Un fenómeno parecido se da en Sotheby's, con récord de precio para artistas latinoamericanos como el mexicano Francisco Zúñiga, el uruguayo Joaquín Torres García o el colombiano Fernando Botero, el pasado mayo en Nueva York, o españoles, José Gutiérrez Solana y Santiago Rusiñol, esta vez en Londres. En mayo, Sotheby's vendió «Dora Maar au chat» de Picasso por 85 millones de dólares.
El apetito de arte que a todos los niveles se aprecia hoy en día en Londres recuerda a algunos lo que ocurrió en la década de 1980 en Nueva York con el éxito fulgurante de artistas como Jean-Michel Basquiat, Julian Schnabel o Andy Warhol. Por lo que se refiere al fenómeno de las exposiciones, que mueven cada vez a más gentes de todo el mundo y contribuyen poderosamente al llamado turismo cultural, este año ha sido también pródigo gracias sobre todo a los centenarios de Rembrandt y Cézanne.

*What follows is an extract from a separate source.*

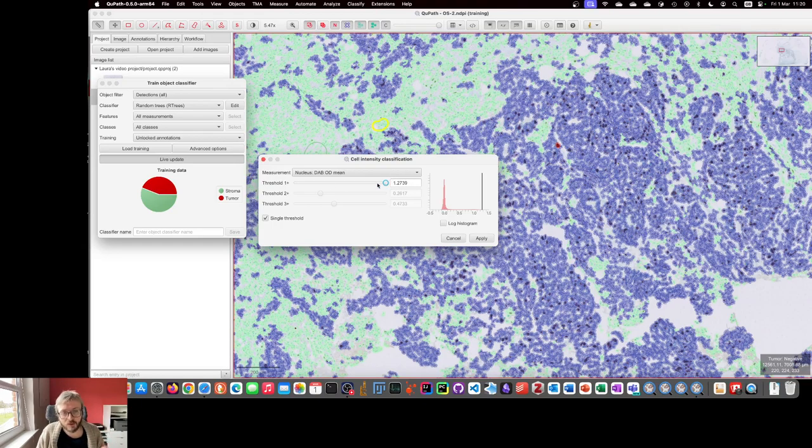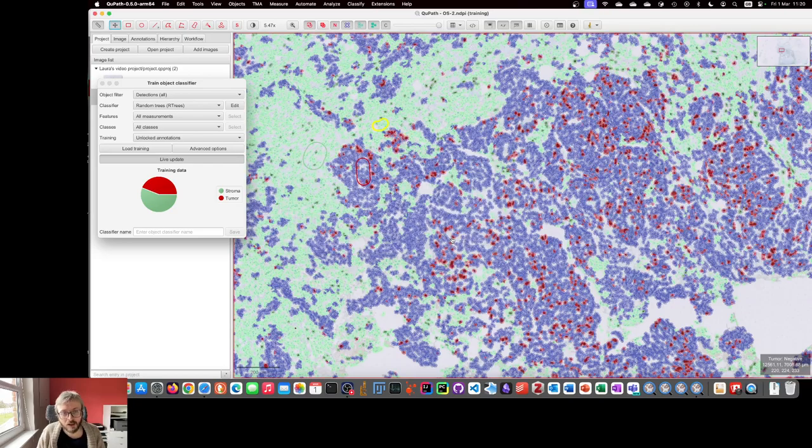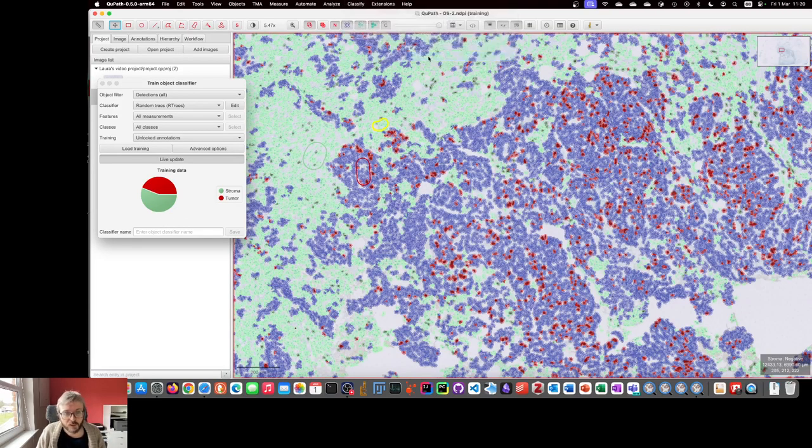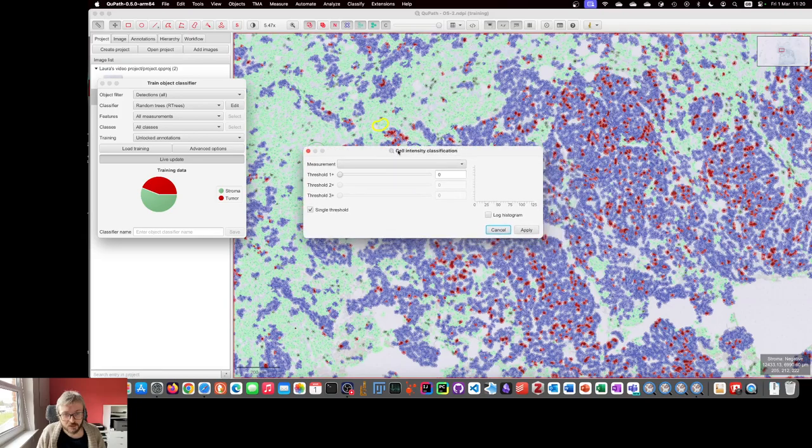And that means that we can make our changes in here and we can press cancel and we don't have to apply them because we have that clear separation.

El 400 aniversario del nacimiento de Rembrandt van Rijn (1606-1669) se celebró no sólo en su país natal, con sendas exposiciones en la casa museo del pintor y en el museo Van Gogh, ambos en Amsterdam, sino también en varios museos de Estados Unidos, como el Metropolitan y el Morgan, de Nueva York, o la National Gallery, de Washington. Algo parecido ha ocurrido con el iniciador de la pintura moderna, el francés Paul Cézanne (1839-1906): además de la exposición estrella titulada « Cézanne en Provenza», en el museo Granet de Aix-en-Provence,que pudo verse también en Washington, se han celebrado otras en París (museo d'Orsay) y Londres (National Gallery) con motivo del primer centenario de la muerte del artista.
Sin embargo, pese a los vientos de bonanza, en estos días comprar una obra de arte tiene sus bemoles: ésta puede haber sido adquirida irregularmente por el anterior propietario y en algún momento habrá que devolverla. Para ejemplo basta nombrar «Retrato del bebedor de ajenjo», del período azul de Picasso, una obra que hubo que retirar de la venta para evitar conflictos judiciales, cuando había ofertas por más de 60 millones de dólares.
La fundación de arte del compositor británico Andrew Lloyd Webber que la compró de buena fe años atrás tuvo que hacer lugar al reclamo de propiedad presentado por el alemán Julius Schoeps, como heredero del banquero judío Paul von Mendelssohn-Bartholdy, obligado a vender la pintura en la Alemania nazi.
En lo que se refiere a la delincuencia relacionada con el arte, el año trajo, entre otras, la buena noticia de la recuperación por la policía noruega de dos importantes obras de Edvard Munch, «El Grito» y «La Madonna», dos años después de su robo. También pudo recuperarse, esta vez mucho más rápidamente, el cuadro del español Francisco de Goya «Los Niños del Carretón», robado durante varios días en el traslado del museo de Arte de Toledo (Ohio) al Guggenheim, de Nueva York.